■ Dataset content:
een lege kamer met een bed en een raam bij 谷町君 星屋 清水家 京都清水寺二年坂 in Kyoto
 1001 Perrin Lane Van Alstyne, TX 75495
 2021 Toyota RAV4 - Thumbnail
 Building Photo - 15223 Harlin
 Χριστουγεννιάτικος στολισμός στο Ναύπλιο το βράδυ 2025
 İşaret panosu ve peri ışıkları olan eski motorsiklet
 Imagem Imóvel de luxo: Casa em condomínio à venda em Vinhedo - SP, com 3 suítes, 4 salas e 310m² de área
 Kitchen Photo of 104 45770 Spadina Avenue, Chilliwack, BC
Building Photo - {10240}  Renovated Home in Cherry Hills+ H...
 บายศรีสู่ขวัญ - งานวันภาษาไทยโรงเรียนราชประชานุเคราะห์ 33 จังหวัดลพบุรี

■ Exercise objective:
List each line of the entries that holds the string "Building".

■ Exercise result:
 Building Photo - 15223 Harlin
Building Photo - {10240}  Renovated Home in Cherry Hills+ H...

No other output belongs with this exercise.